Within sight of the bad faith of Mrs Of ARAUJO wife CHATTERS, following the various deficiencies to want to regularize the necessary formalities and with an only aim of obtaining favorable decisions by forgery and use of forgery, to constitute two limited liability companies with his/her small son to divert the residence of Mister and Mrs LABORIE, there exists a doubt about the compensation by Mrs For ARAUJO wife CHATTERS and his having rights.

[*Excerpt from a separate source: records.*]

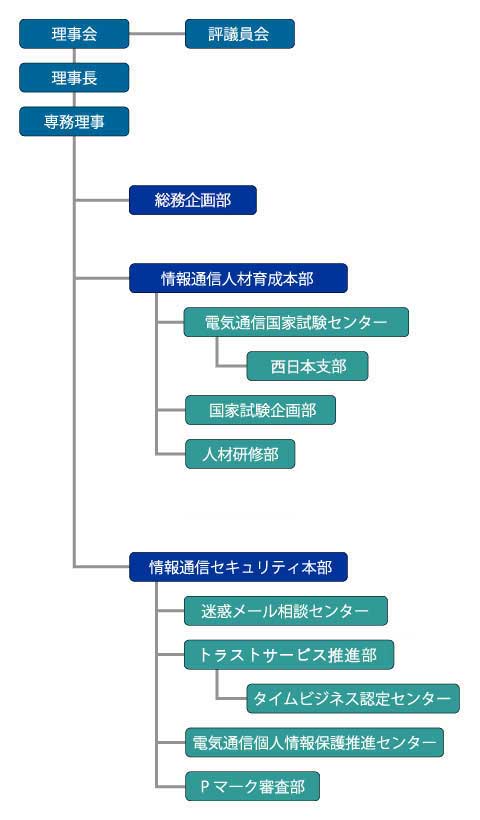 組織図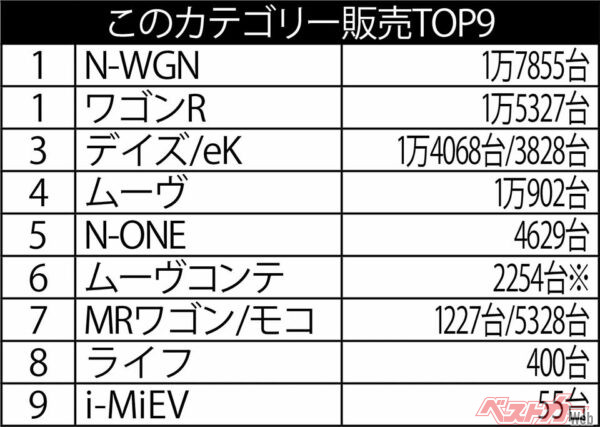 2014年1月の販売台数 ※印はシリーズ合算の販売台数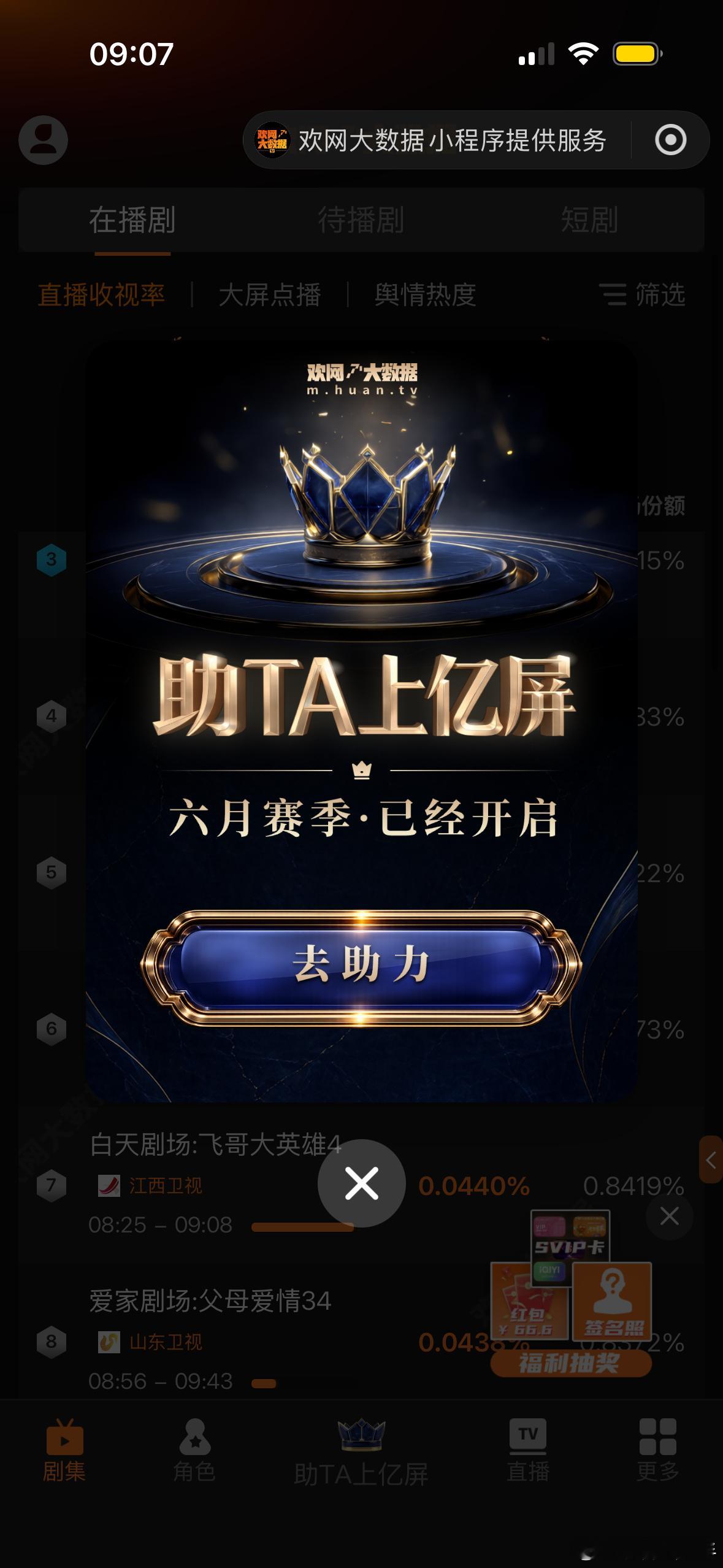 微信小程序：网欢大数据。林晚星遥遥领先只要投票，🐟那必然是第一虞书欣林晚星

With end to guarantee this compensation for pure right on the base of article 1382 and 1383 of the civil code , it is requested the court, the judge of the execution of the section of call that is granted to Mister and Mrs LABORIE a mortgage registration on the goods belonging to Mrs Of ARAUJO wife CHATTERS and of its having right and to the financial expenses of the latter.

REPAIR OF THE VARIOUS DAMAGES CAUSES.

Damage caused by the procedure of seizure of property diligentée by Commerzbank until the auction sale of December 21, 2006.

Injuries caused by the irregular procedure of expulsion diligentée by Mrs Of ARAUJO wife CHATTERS

Total of the Commerzbank damages

Commerzbank: 500.000 euros value of our good at the date of the adjudication.

Commerzbank: 150.000 euros, moral wrongs and psychological important.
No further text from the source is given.